We survived the big move! I am now back to fully immersing myself not only in editing but also in promoting book one, ‘Isle of Skye’ again because I have a free book promotion coming up next week.
No pressure or anything.
I keep reminding myself that this is all worth it in the end. Every late night, every hair that has been pulled, and every yawn that has almost cracked my jaw. It’s all for a good cause. I was thinking about something today that made me laugh/cringe. When we arrived here, we had some family and close friends come over to say hi and help us unpack. My good friend and my sister in law were trying to convince to do the March of Dime walk in April. I was taken aback by the turn of conversation, after all I only just arrived at my new home.
I, of course, being the blunt person that I am tried to politely refuse but they kept asking so I said what first came to mind which was, “I’ll buy a shamrock at Wal-Mart, give me a break, I really don’t give a crap.”
Here’s the thing, I just moved 1100 miles. I have a book to promote, another book to edit and a third book to write. Three books that all require my attention in some way, shape or form. I also have three kids to acclimate to a new home and environment. I have so many thoughts and worries running around in my crazy brain that it is somewhat overwhelming. I find it difficult to relate to people lately. Sometimes I hear the conversations around me but it’s hard for me to focus when all I can think is about future dialog, chapters and scenes in my next book.
I want to be a good friend and human being. I want to support worthy causes but right now I can’t and it’s hard for me to explain to people what exactly I am going through. I have waited twenty years to do this. I literally eat, sleep and breathe my story. I know that everyone has goals. I fully realize that everyone has hopes and dreams but I also feel that this is MY time.
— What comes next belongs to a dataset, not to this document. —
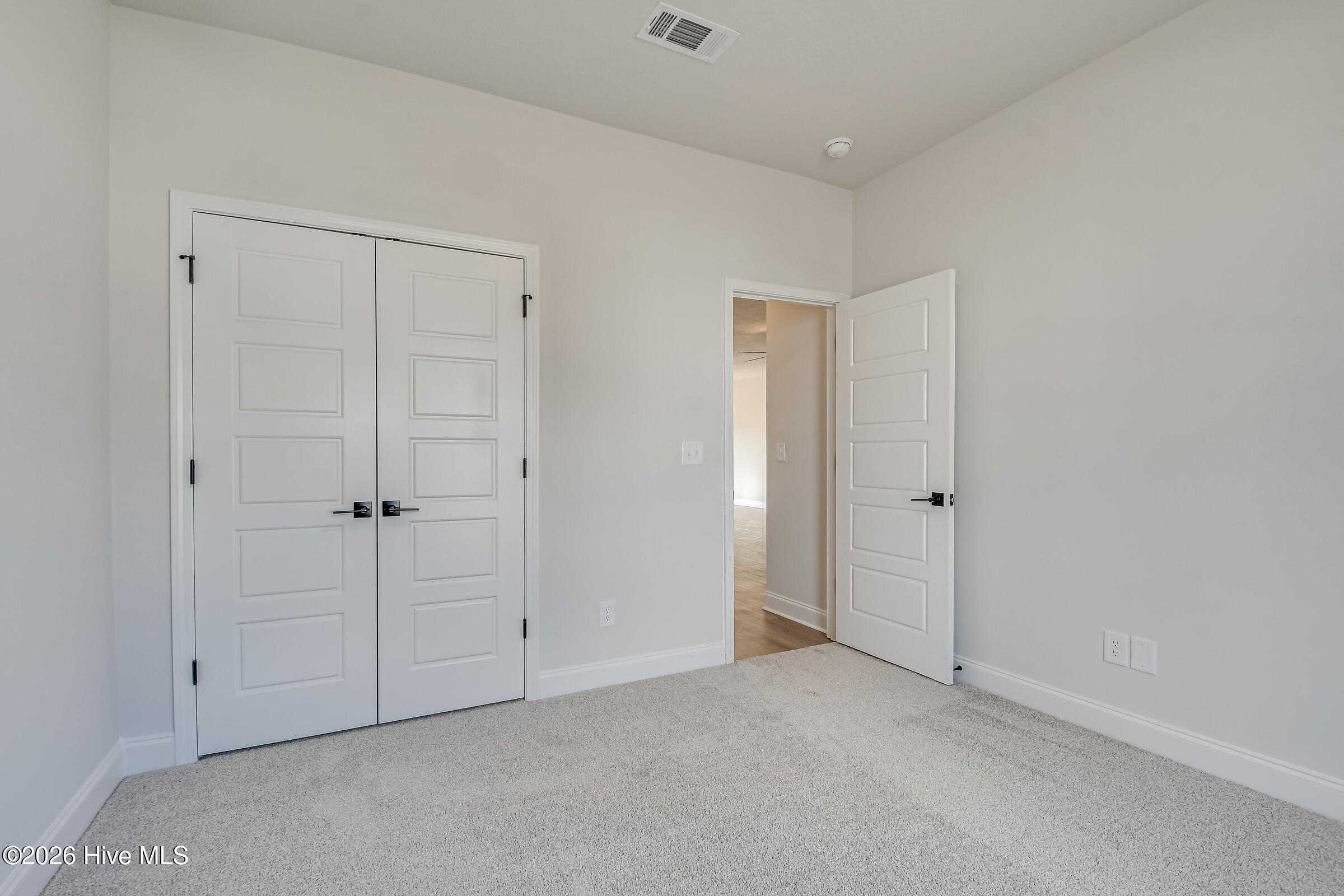1699 Pine Ridge Drive N Property Photo 26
Granted, my time may end up with a one way ticket on the crazy bus, but I need support now more than ever. Taking on the editing process after what happened with book one has been a little daunting but I have sucked it up and I have got to say, book two is awesome. I’m sure there may be one or two errors ( or two hundred to the trained eye) but I feel like I fell off the editing horse, brushed myself up, and got back on to ride the wild mustang that is editing.
I’m not trying to dismiss anyone. I’m not trying to hurt anyone’s feelings. I’m just trying to write the stories that have been in my head for a long time now. I’m not going to lie, it has been the most difficult thing I have ever done…ok, maybe after having twin boys, but the thrilling sense of accomplishment is like nothing I have ever felt before. I’m not sure if it is pride or something else but all I know is “Isle of Skye’ was a journey into finding myself.
‘Isle of Night’ was where I started to believe.
I guess we’ll find out March 27th when it is released.